A few minutes ago I did the unthinkable. I changed my political party.
Politics have always been a hot button issue for me in different ways than most other people. I was the granddaughter of Senator Lucy T. Hammer, Republican, Connecticut. I attended rallies young enough to get bounced on Senator Lowell Weicker’s knee, sat at endless chicken dinners with my white gloves tucked under my thigh, stumped with her at county fairs handing out expandable sponges that read, in large black letters, Vote For Lucy T. Hammer!
She was larger than life, all five feet of her, the wife of a small-town factory owner who wanted to make a difference. Politics were the only topic of discussion at the dinner table: Political squabbles, bills for education (her passion), the upstarts on the House floor, the ones who had promise (“this new man Lieberman will go a long way,” she had exclaimed one September). We were all Republicans and there was no other option.

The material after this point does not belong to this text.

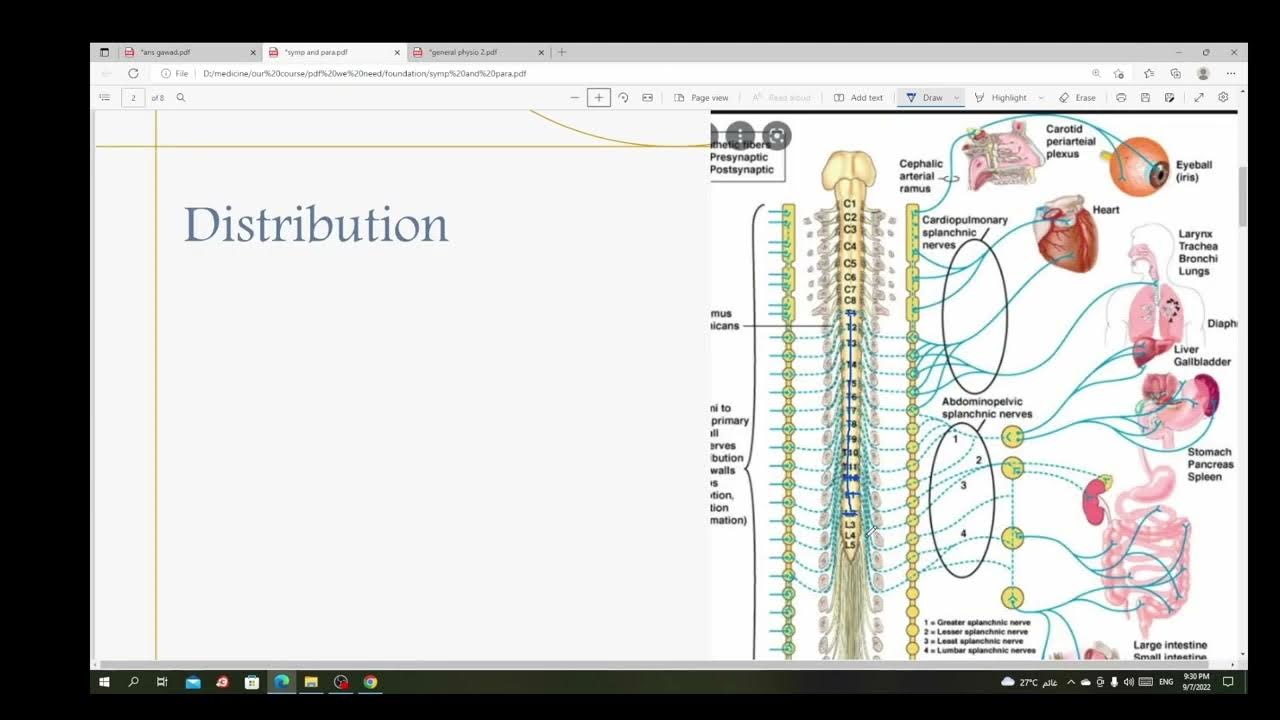 Autonomic ganglia, sympathetic and parasympathetic nervous system Biology Diagrams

And just like I promised her I would never, ever, take her from her home and put her in a nursing home, I promised her that I was Republican for life.

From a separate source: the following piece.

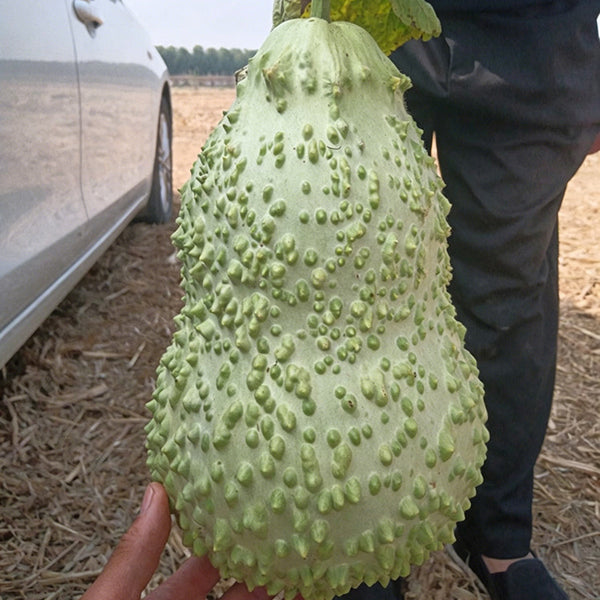 Knobbly Flower Head Gourd, 2 Seeds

So I have played a little cat and mouse game at dinner parties over the last three decades, championing who I agreed with but skirting the party issue, claiming independence. All the while gone cold in my heart that she would somehow hear me lean towards the ultimate disloyalty — lose faith in all that she believed in and championed. All things Republican.
But today, would she agree?
I don’t know that, but I do know I cannot skulk into the voting booth and see Republican next to my name another year. Not with the rotten whiff of Donald Trump’s cologne exuding from the newspaper pages. Not with the Republican Party’s inability to be non-partisan and represent common, basic human understanding regarding abortion, immigration, and education.
I would like to think this afternoon Lucy T. Hammer is applauding me, that she is as disgusted about her party as I am. But just like I had to ultimately move her to live near me in an assisted living facility for the last three years of her life to keep her safe, I had to change my political party to keep my politics safe. And as my finger hovered over the ‘send’ button on my computer, I had to reassure myself that deeply and truly, I was preserving her legacy of fairness and integrity with my decision.
Hello, Democrats. Let’s party.

Alexandra Dane, Benjamin Cornell and Lucy T. Hammer, photo shoot, 1969.